Three graduate students from the Genomic Signal Processing laboratory of the Department of Electrical and Computer Engineering at Texas A&M University won awards from the Texas A&M Science of Information Days Workshop.
Mohammad Shahrokh Esfahani (left) won the first place poster presentation for his poster entitled “Prior Probability Construction Using Biological Signaling Pathways.” In this poster Esfahani presents his new method for quantifying the prior knowledge in the biological signaling pathways from a Bayesian perspective, whose final output is a prior probability on an uncertainty class of models. His work has been supervised by Dr. Edward Dougherty.
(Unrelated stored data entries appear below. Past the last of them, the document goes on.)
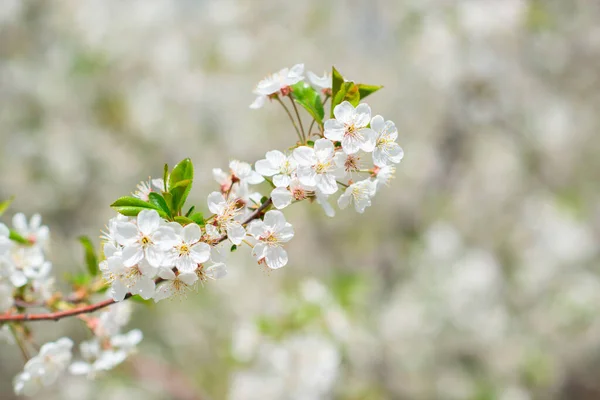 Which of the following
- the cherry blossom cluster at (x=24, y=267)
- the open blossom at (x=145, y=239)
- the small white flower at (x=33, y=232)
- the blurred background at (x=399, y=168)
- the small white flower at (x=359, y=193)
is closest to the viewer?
the open blossom at (x=145, y=239)

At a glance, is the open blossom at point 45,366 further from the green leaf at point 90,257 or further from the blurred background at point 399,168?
the blurred background at point 399,168

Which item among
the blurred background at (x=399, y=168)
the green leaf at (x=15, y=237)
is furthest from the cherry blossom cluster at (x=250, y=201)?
the blurred background at (x=399, y=168)

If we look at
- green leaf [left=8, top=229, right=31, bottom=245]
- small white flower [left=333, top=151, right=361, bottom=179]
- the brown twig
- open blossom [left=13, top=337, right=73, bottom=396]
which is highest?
small white flower [left=333, top=151, right=361, bottom=179]

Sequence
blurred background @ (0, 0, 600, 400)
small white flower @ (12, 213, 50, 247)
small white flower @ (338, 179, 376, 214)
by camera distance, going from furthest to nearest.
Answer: blurred background @ (0, 0, 600, 400) → small white flower @ (12, 213, 50, 247) → small white flower @ (338, 179, 376, 214)

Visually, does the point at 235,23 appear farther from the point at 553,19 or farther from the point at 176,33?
the point at 553,19

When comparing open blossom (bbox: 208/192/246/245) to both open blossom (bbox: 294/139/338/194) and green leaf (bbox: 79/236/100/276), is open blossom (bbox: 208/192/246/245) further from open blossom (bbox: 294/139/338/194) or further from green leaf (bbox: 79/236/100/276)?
green leaf (bbox: 79/236/100/276)

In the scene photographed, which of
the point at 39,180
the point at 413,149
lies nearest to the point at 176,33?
the point at 39,180

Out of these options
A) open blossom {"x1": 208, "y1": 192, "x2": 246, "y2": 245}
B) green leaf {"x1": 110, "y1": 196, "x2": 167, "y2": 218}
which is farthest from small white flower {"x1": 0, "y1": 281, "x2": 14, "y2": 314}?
open blossom {"x1": 208, "y1": 192, "x2": 246, "y2": 245} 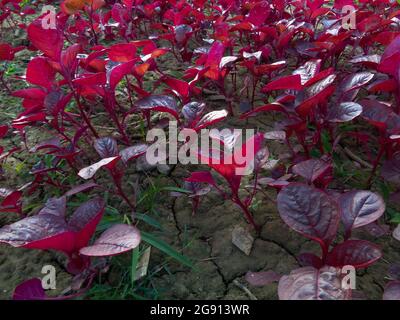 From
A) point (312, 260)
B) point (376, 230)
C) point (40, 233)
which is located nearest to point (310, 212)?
point (312, 260)

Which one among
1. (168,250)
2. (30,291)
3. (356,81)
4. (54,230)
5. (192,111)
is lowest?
(168,250)

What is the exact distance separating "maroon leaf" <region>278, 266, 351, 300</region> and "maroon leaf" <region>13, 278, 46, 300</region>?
0.59 m

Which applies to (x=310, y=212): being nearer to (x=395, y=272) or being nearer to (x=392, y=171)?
(x=395, y=272)

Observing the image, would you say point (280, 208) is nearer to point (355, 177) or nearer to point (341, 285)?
point (341, 285)

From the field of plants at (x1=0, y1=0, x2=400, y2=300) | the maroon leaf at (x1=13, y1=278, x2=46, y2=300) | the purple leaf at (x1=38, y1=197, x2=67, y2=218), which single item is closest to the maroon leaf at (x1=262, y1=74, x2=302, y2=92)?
the field of plants at (x1=0, y1=0, x2=400, y2=300)

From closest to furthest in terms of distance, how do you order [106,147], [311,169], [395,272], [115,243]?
[115,243] < [395,272] < [311,169] < [106,147]

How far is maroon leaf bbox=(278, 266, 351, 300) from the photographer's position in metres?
0.77

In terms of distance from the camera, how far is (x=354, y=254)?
2.96 ft

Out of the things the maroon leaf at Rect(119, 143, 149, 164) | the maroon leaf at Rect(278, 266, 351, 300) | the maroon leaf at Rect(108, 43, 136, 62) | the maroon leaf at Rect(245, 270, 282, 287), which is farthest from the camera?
the maroon leaf at Rect(108, 43, 136, 62)

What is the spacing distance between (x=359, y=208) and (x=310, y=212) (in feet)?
0.50

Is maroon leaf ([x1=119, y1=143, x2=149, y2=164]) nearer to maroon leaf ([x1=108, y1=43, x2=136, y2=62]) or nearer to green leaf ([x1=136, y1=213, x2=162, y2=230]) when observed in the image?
green leaf ([x1=136, y1=213, x2=162, y2=230])

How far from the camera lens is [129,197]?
4.76 feet

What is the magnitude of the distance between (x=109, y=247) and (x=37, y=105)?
0.76 m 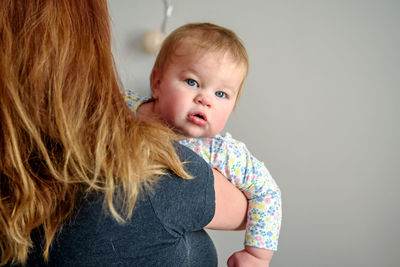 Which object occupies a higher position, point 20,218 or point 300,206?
point 20,218

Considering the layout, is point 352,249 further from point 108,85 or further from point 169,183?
point 108,85

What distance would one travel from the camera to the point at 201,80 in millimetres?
980

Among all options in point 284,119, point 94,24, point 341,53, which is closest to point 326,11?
point 341,53

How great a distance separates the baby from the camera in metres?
0.96

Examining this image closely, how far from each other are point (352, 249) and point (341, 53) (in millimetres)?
941

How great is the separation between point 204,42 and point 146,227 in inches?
24.4

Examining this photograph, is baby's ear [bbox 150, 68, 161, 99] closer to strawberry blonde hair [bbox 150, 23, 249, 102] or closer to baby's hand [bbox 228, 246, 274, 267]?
strawberry blonde hair [bbox 150, 23, 249, 102]

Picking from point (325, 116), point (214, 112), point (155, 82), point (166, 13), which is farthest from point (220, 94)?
point (166, 13)

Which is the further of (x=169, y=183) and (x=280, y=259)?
(x=280, y=259)

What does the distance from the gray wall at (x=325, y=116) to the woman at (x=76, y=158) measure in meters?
1.05

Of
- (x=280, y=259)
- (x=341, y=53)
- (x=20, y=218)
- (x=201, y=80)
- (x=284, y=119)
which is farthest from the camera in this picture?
(x=280, y=259)

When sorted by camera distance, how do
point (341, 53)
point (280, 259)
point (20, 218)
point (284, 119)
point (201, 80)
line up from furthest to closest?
point (280, 259), point (284, 119), point (341, 53), point (201, 80), point (20, 218)

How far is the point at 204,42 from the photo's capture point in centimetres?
101

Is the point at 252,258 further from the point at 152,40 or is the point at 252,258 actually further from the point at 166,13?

Esmaeil Atashpaz-Gargari (center) and Priyadharshini (Prya) S. Venkat (right) won the second and third places respectively for the best poster presentations Gargari’s poster, entitled “Improved Branch-and-Bound for U-curve optimization problem,” presented his new algorithm for feature selection inspired by a well-known phenomenon called peaking phenomenon. His method provides the best set of features based on an optimization framework. His work has been supervised by Dr. Ulisses Braga-Neto and Dr. Edward Dougherty.
Venkat 's poster, entitled “Belief Propagation in a Probabilistic Graphical Model of the Pancreatic Cancer Signaling Pathway,” introduces their work on using belief propagation to infer the state of genes from data obtained from biological techniques, whereas as an application the method is applied on Pancreatic Signaling Pathways. Her work has been supervised by Dr. Aniruddha Datta.
The Texas A&M Science of Information Days Workshop was sponsored by National Science Foundation Center for Science of Information and the Texas A&M electrical and computer engineering department and Computer Engineering and Systems group
Esfahani received the B.S. degree from the University of Tehran, Iran, in 2007 and the M.S. degree from Sharif University of Technology, Iran, in 2009, all in electrical engineering. Since 2009, he has been a Ph.D. student in the Genomic Signal Processing Laboratory. He has been awarded the Dwight Look College of Engineering Travel Award in 2013 and the Second-Place Top Poster Presentation from the Eight Mid-south Computational Biology and Bioinformatics Society (MCBIOS) Conference in 2011. His current research interests include uncertainty quantification, and small sample classification with the application in genomics.
Atashpaz-Gargari received his electrical engineering B.S. degree from Tabriz University, Iran, in 2004 and M.Sc. degree from the University of Tehran, Iran, in 2007. He is currently a Ph.D. student in the Genomic Signal Processing Laboratory His current research includes Proteomics and error estimation in small-sample classification problems.
Venkat also is a PhD student in the department. Her research is primarily focused on genomic signal processing. She graduated from the Indian Institute of Science in 2012 with Master’s degree in Instrumentation.